Making matters worse, many funders and permitting agencies include a laundry list of upfront requirements for quantitative estimates. From the federal perspective, having clear metrics to ensure financial accountability is essential. However, these types of questions are typically jumbled together with other, less clear requirements for early-stage project performance details. This means that to submit initial applications, local governments must find a way to get far enough into a design process to generate reasonable and defensible cost and performance estimates without any dedicated resources or capacity. For qualified applicants who do not have the staff capacity, baseline data, or resources to hire technical consultants, this is often an insurmountable prerequisite.
Without precautions taken, this dynamic could get even worse with the recent OMB guidance, which requires agencies to develop implementation plans that “define key performance metrics and…identify key program implementation milestones.” If introduced too early in the application process, these requirements could dissuade low-capacity applicants from applying. Financial accountability and project performance are both important, but they are also very different. Clearly separating these types of data requests in funding applications can help federal agencies screen for qualified applicants first and then look for quality projects. This can also reveal who may need additional planning or predevelopment support to develop high-quality projects.
All applicants would benefit from clearer federal and state guidance on the expectations around preliminary quantitative estimates of project performance for different types and sizes of projects. A park designed to divert and retain stormwater is not the same as a water treatment plant. Being aware of where applicants are in their project development cycles and avoiding asking for quantitative estimates too early in a design process can lower barriers to entry. For example, where details are necessary, applicants in the pre-feasibility phase should be allowed to select ranges rather than entering specific estimates, and agencies should communicate that initial estimates are not binding and can be revised later in the design process.

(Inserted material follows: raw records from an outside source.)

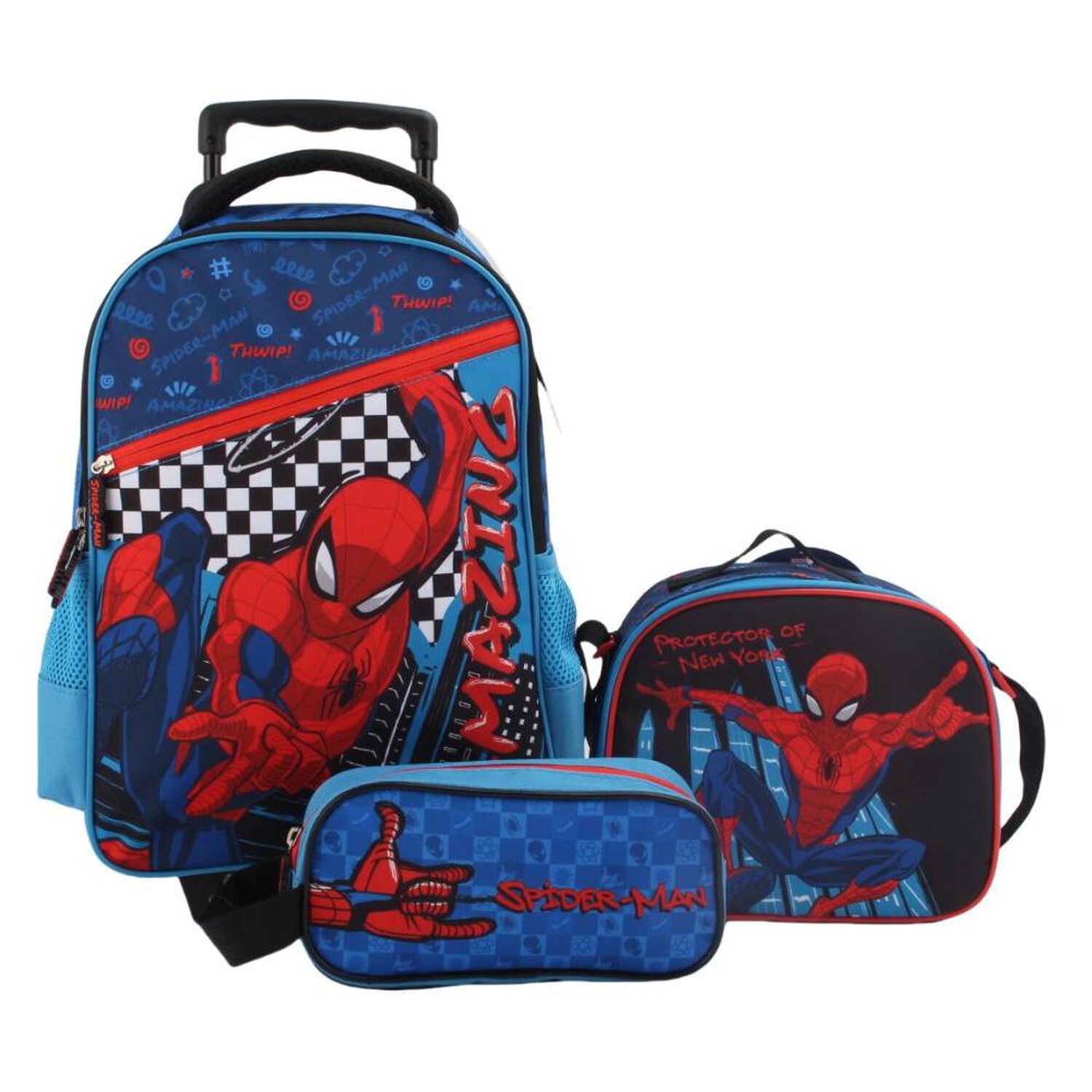 Set Promo Bts Con Ruedas 3 Piezas Spiderman image number 0.0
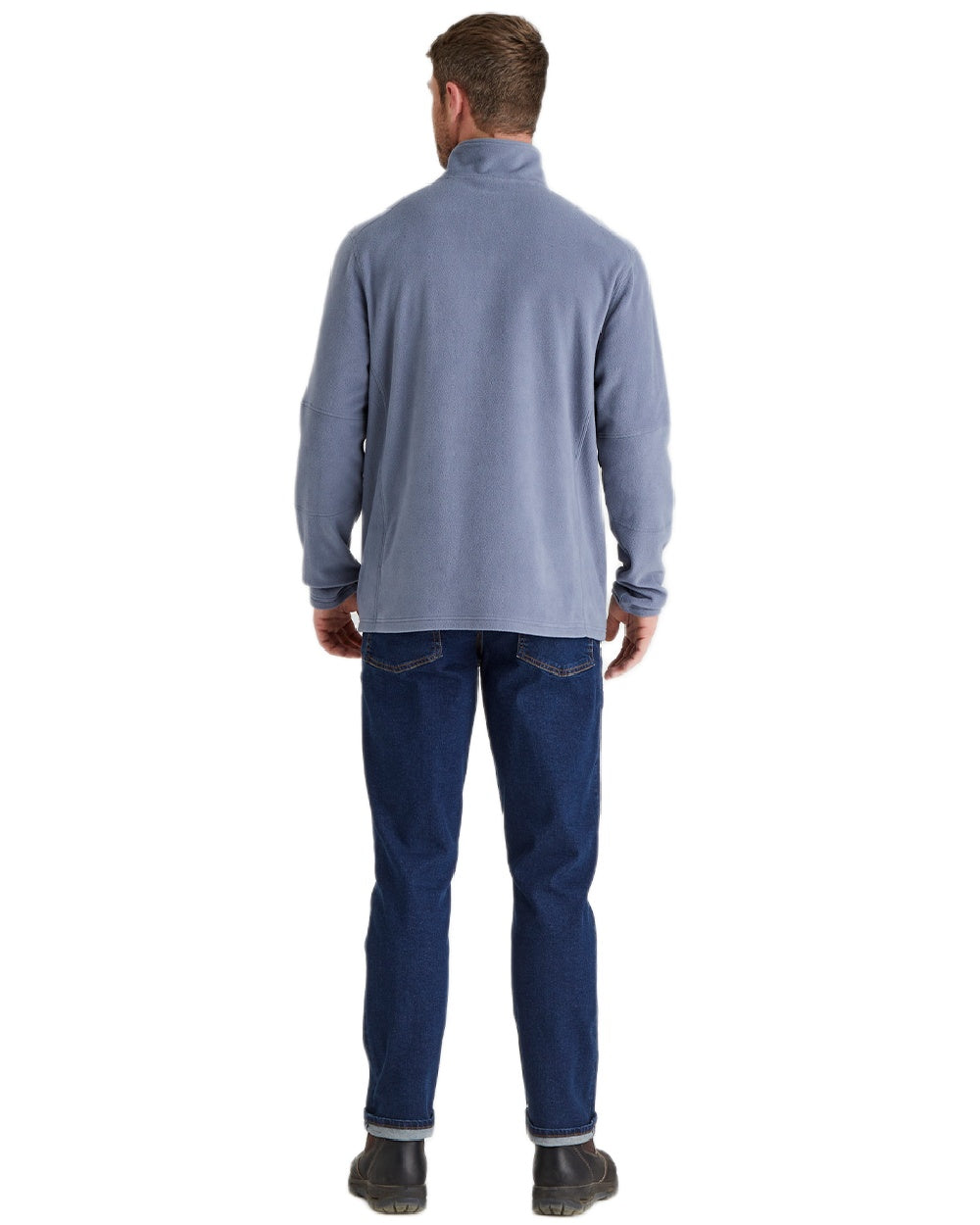 Storm Coloured Ridgeline Narvik Fleece on white background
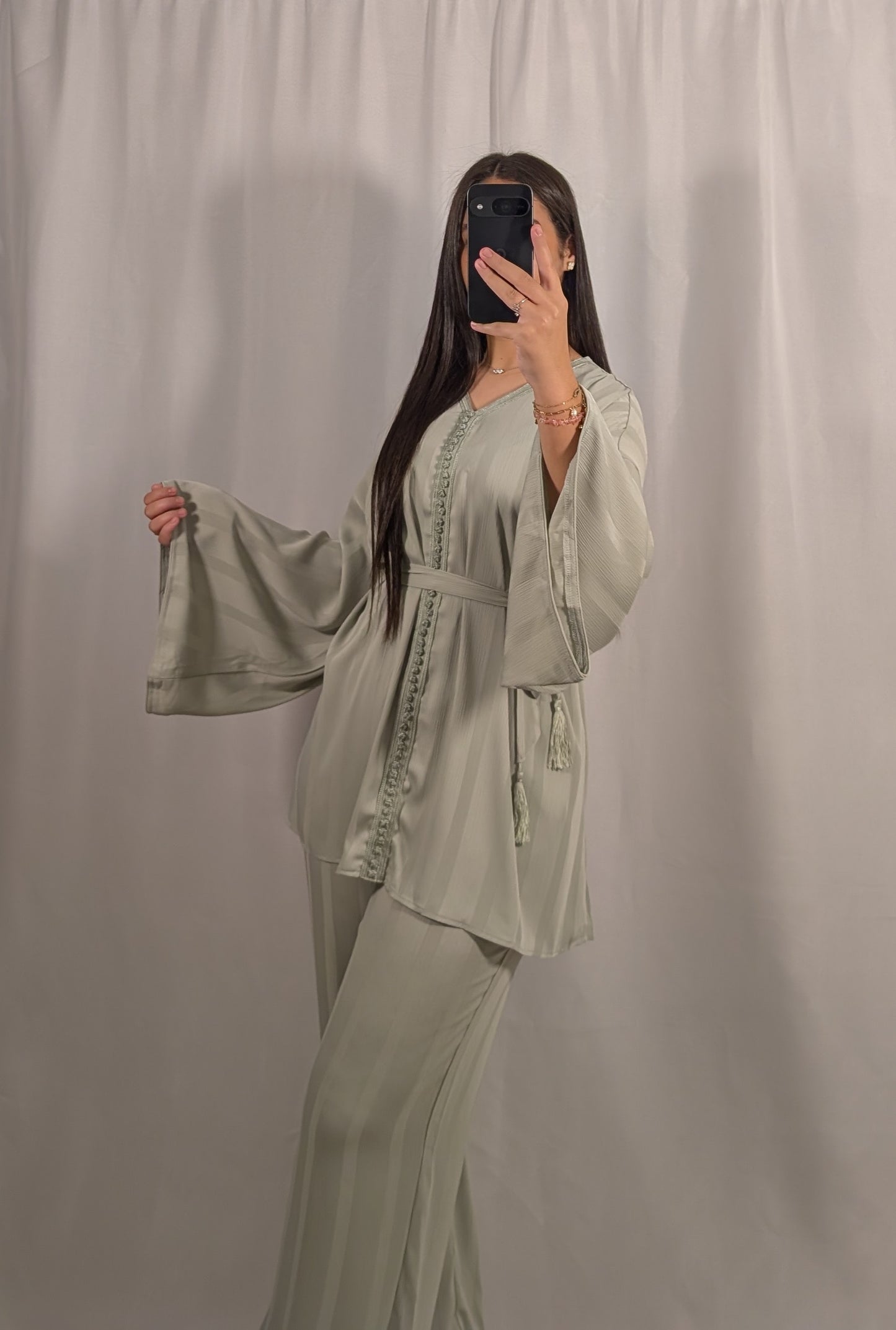 Ensemble Jabador vert d'eau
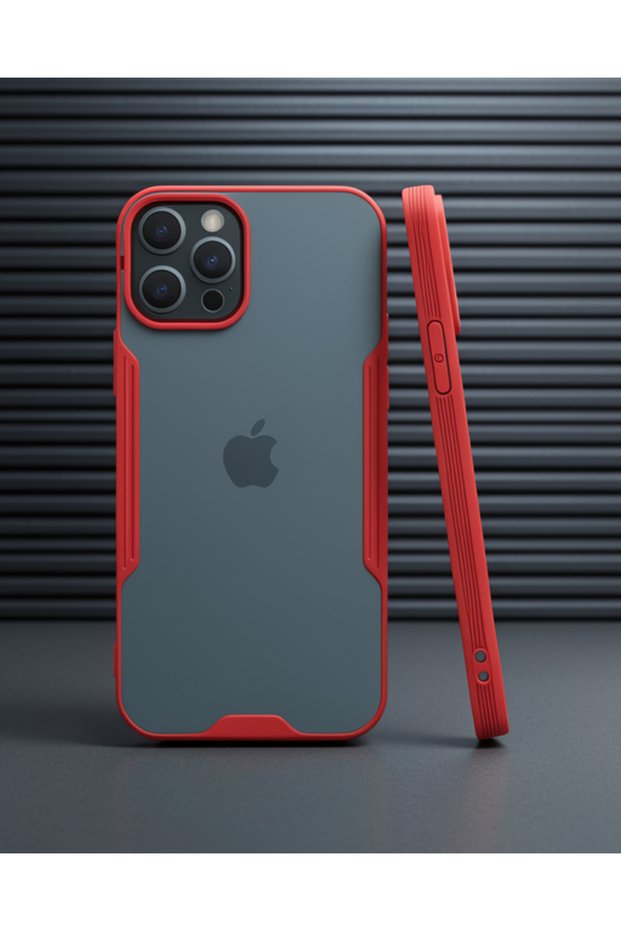Apple iPhone 12 Pro Max Case Platinum Silicone - Red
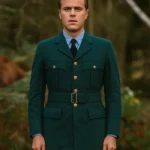 The Dig Stuart Piggott Azure Green Coat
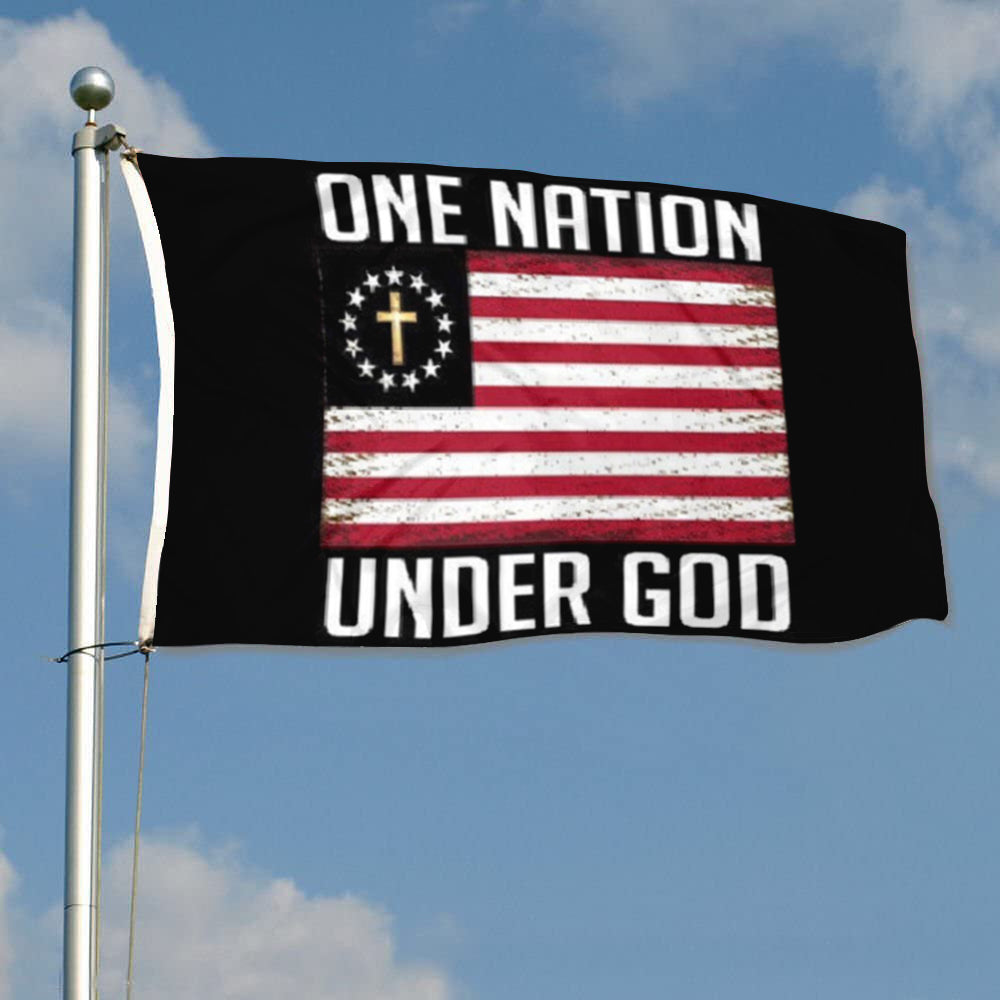 "One Nation Under God" Hope American Faith Christian Jesus Cross flag 3x5ft banner man cave 2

Effective performance measurement is an ongoing process that takes time and resources. First-time and lower-capacity federal grant applicants cannot be expected to generate useful metrics and estimates without technical assistance and resources. Federal agencies should consider how setting project performance metrics and conducting evaluations can be funded upfront and incorporated into proposed budgets at different stages of project design, development, and implementation.
Even with significant improvements to applications at the federal and state levels, it will still be difficult for lower-income, smaller, and rural applicants to navigate the complexities of IIJA funding. To this end, federal and state agencies should designate a single agency “pathfinder” to guide projects in targeted communities through funding processes. This recommendation is consistent with an idea put forward in a recent McKinsey report that calls for states to establish infrastructure czars to play a coordination role, and expands it to focus explicitly on shepherding projects from traditionally lower-capacity communities.
The future of the IIJA’s impact hinges on the ability of state and local governments to attract high volumes of applicants from smaller, rural, and lower-income communities. Yet that procedural outcome can only happen if federal and state agencies transform their application processes. Otherwise, much of the law’s promise will be squandered.